The summary historical consolidated financial data and the information
under the heading "Capitalization" included in the Registration Statement and
the Prospectus are presented on a basis consistent with that of the audited
financial statements included or incorporated by reference in the Registration
Statement and the Prospectus.
(e) No Material Adverse Change. Except as otherwise disclosed
in the Registration Statement and the Prospectus, subsequent to the respective
dates as of which information is given in the Registration Statement and the
Prospectus: (i) there has been no material adverse change, or any development
that could reasonably be expected to result in a material adverse change, in the
condition, financial or otherwise, or in the earnings, business, operations or
prospects, whether or not arising from transactions in the ordinary course of
business, of the Company and its subsidiaries, considered as one entity (any
such change is called a "MATERIAL ADVERSE CHANGE"); (ii) the Company and its
subsidiaries, considered as one entity, have not incurred any material liability
or obligation, indirect, direct or contingent, not in the ordinary course of
business nor entered into any material transaction or agreement not in the
ordinary course of business; and (iii) there has been no dividend or
distribution of any kind declared, paid or made by the Company or, except for
dividends paid to the Company or other subsidiaries, any of its subsidiaries on
any class of capital stock or repurchase or redemption by the Company or any of
its subsidiaries of any class of capital stock.
(f) Organization and Good Standing.

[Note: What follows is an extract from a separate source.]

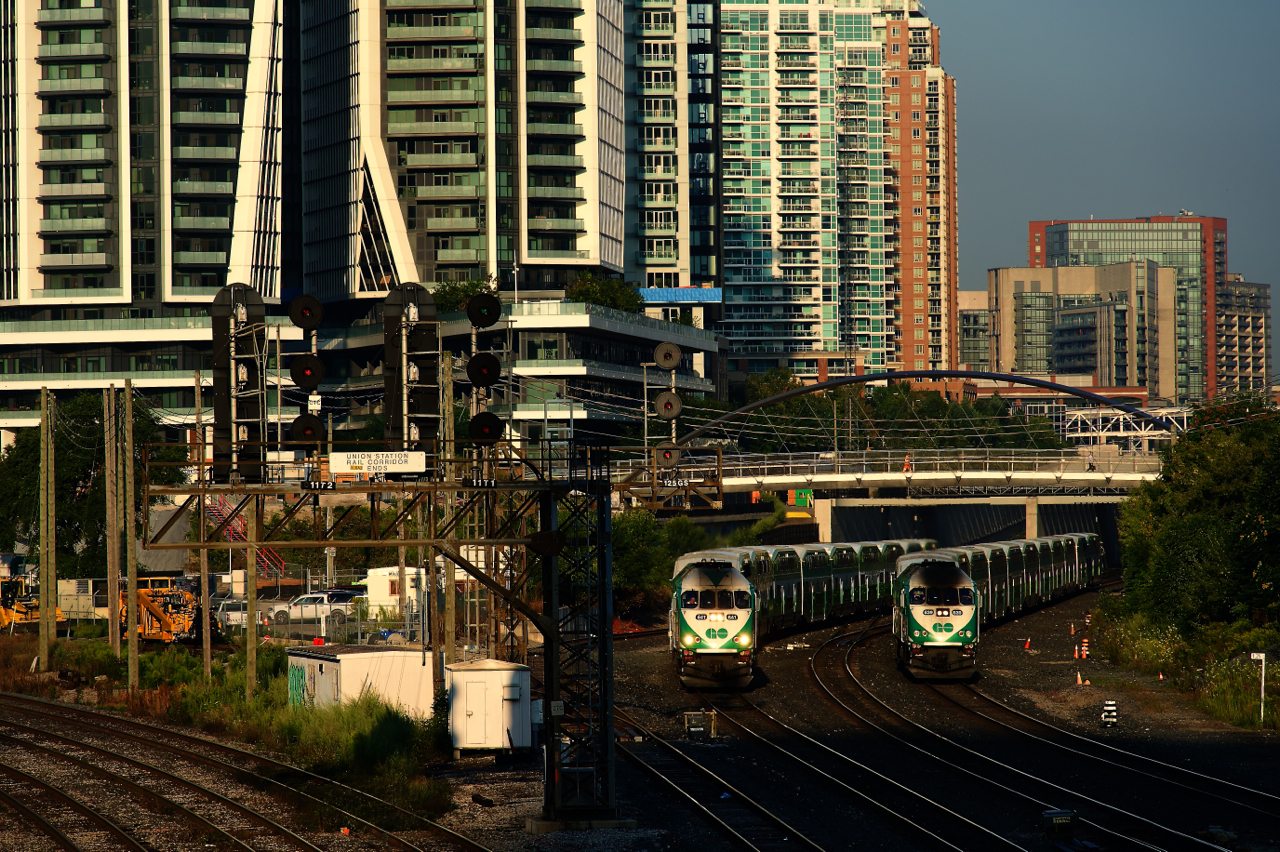 A pair of inbound GO Transit trains are heading towards nearby Union Station at about the same speed.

Each of the Company and
its subsidiaries has been duly incorporated or organized and is validly existing
as a corporation, limited liability company, limited partnership or general
partnership and is in good standing under the laws of the jurisdiction of its
incorporation or organization and has corporate or other power and authority to
own, lease and operate its properties and to conduct its business as described
in the Registration Statement and the Prospectus and, in the case of the
Company, to enter into and perform its obligations, as the case may be, under
this Agreement.
Each of the Company and its subsidiaries is duly qualified to transact
business as a foreign corporation, limited liability company or partnership, as
applicable, and is in good standing in each jurisdiction in which such
qualification is required, whether by reason of the ownership or leasing of
property or the conduct of business, except for such jurisdictions where the
failure to so qualify or to be in good standing would not, individually or in
the aggregate, result in a Material Adverse Change. All of the issued and
outstanding capital stock or partnership or other ownership interests of each
subsidiary of the Company has been duly authorized and validly issued, is fully
paid and nonassessable and is owned by the Company directly or through
subsidiaries, free and clear of any security interest, mortgage, pledge, lien,
encumbrance or claim except as set forth in the Registration Statement and the
Prospectus or on Schedule III hereto. The Company does not own or control,
directly or indirectly, any corporation, association or other entity other than
the subsidiaries listed on Schedule III hereto.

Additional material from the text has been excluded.